2011 CURATEcamp Hackfest Ideas

Revision as of 14:50, 7 February 2011 by 140.182.249.229 (Talk)

Revision as of 14:50, 7 February 2011 by 140.182.249.229 (Talk)

Allright Coders, Hackers, and Groupies! It's time to submit your ideas here (or by sending them directly to the address in the email you received). All proposals to be revealed at 9am February 7th at CURATEcamp Hackfest in the Frangipani room.

We also have a Google Group: http://groups.google.com/group/code4lib2011-hackfest

Let's keep it FIFO - so the first idea added stays on top :)

Please include a title and description, eg:

10000 Monkeys Digital Solr Network (10kMDSN) - The idea here is to describe your idea in such a way to get as many monkeys to help out with your idea as possible. And a really cool acronym is (almost) mandatory. URLs are good as are git repos, google groups, etc.

Vufind WorldCat Terminologies Recommender Module Mod (VWT-RM2)

I don't know if this would appeal to other attendees, but, as a Solr/ VuFind enthusiast, one suggestion I have is to further develop Demian Katz's WorldCat Terminologies recommender module [1] . For example, find a way to filter out references to terms for which the local library has no associated items (and thereby avoid blind alleys) or even redirect users to an ILL request form.

[1] http://www.oclc.org/developer/videos/worldcat-identities-and-terminology-services-vufind

A/V Engine / or any GAE django-nonrel I (@tingletech) have been playing with django on google app engine, trying to put together something better than a spreadsheet for an A/V digitization and preservation project. It is based on PB Core. I could show people how to check out the code and get it running locally on app engine.

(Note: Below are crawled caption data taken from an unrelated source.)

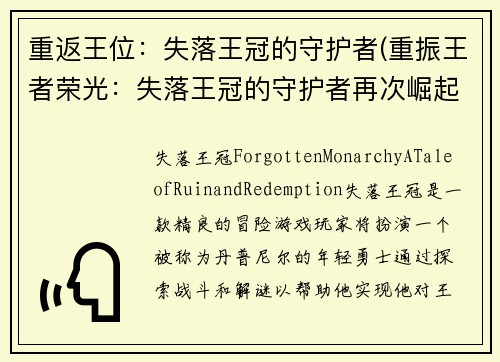 重返王位：失落王冠的守护者(重振王者荣光：失落王冠的守护者再次崛起)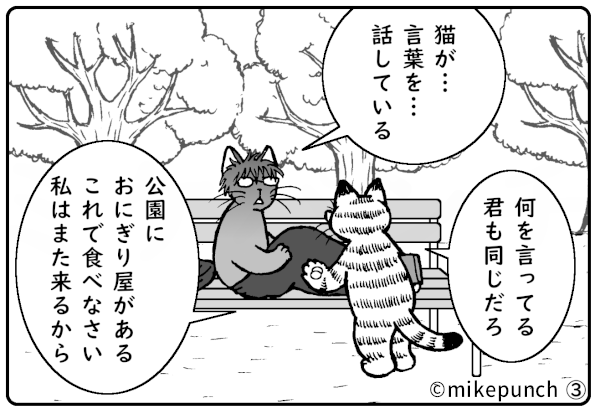 おにぎり猫のものがたり 第四十四話 再会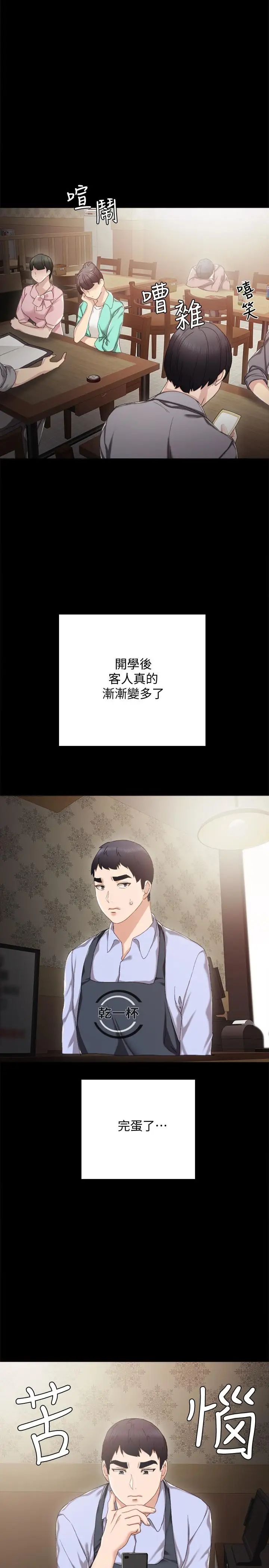 42.jpg
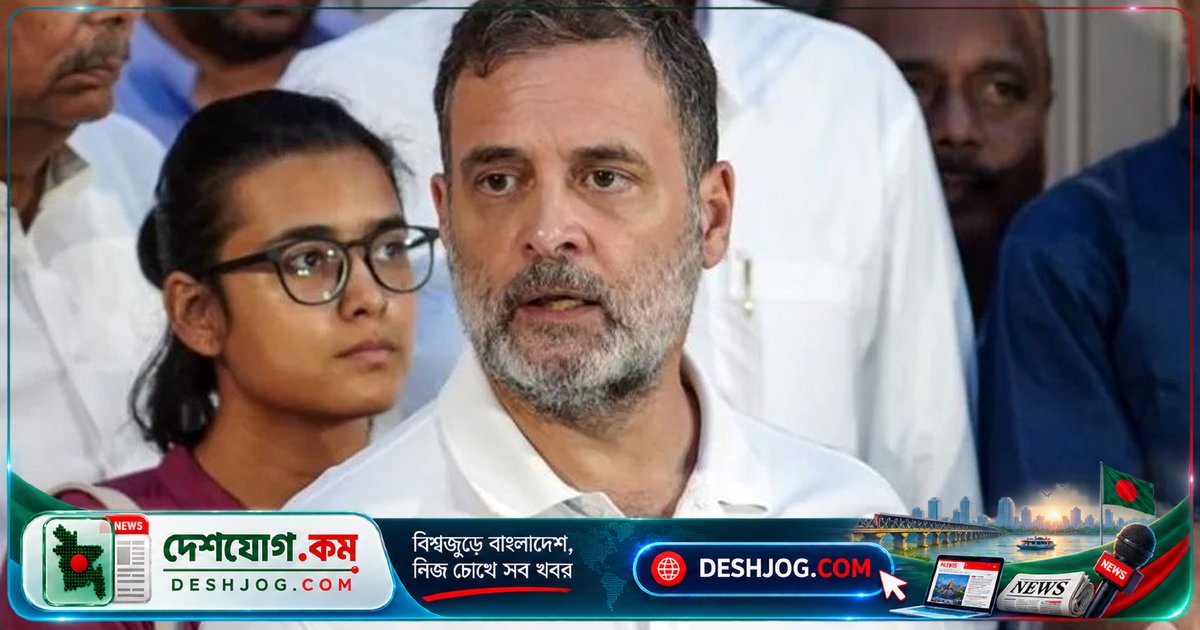 দিল্লি মার্চে যোগ দিন: রাহুল গান্ধী আহ্বান জানান, ‘গণতন্ত্র রক্ষায় একসাথে হাঁটব’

something with graph databases I (@tingletech) have been playing with loading the social graph from SNAC into a graph processing stack.

I'll have the SNAC data in a graphML file, which can be loaded into variety of graph databases and tools.

CDL Microservices and Ruby There is already existing work implementing the CDL microservices specs in Ruby. How can these pieces be pulled together? Which libraries may need some attention? Chris Beer's work implementing many of the CDL specs: [1] CDL's Orchard for Pairtree: [2] Other libraries?

Statistics Microservice Create a simple Statistics Microservice (perhaps several different statistical microservices) that will keep track of a variety of object-level statistical data such as audits, file types, usage, search terms, relationships, events, growth, etc. Should be able to be output as CSV (or pipe or whatev) so it can easily be imported into popular spreadsheet and database software for visualization and reporting.

Stats with Javascript Graphing Downloading and analyzing in Excel is good. But I'd also be interested in what we can do with Javascript graphing/visualization tools.

Hacking Pre-Ingest Assessment Tools (Solr/Ruby/Python) (@anarchivist) As part of my code4lib presentation I may demo some code that works with Digital Forensics XML and gets it into a Solr index. I've successfully thrown Blacklight on top of it, but want to extend it further, especially in terms of figuring what I can do with it and creating a straightforward UI that will represent directory hierarchies.

HAMR: Human/Authority Metadata Reconciliation A tool for a curator to determine whether the various fields of a metadata record are correct. Takes a metadata record, locates any identifiers (e.g., DOI, PMID). Retrieves a copy of the metadata record from an authoritative source (e.g., CrossRef, PubMed). Displays a human-readable page that compares fields in the initial record with fields in the authoritative record. Each field is color-coded based on how well it matches, so the curator can quickly identify discrepancies.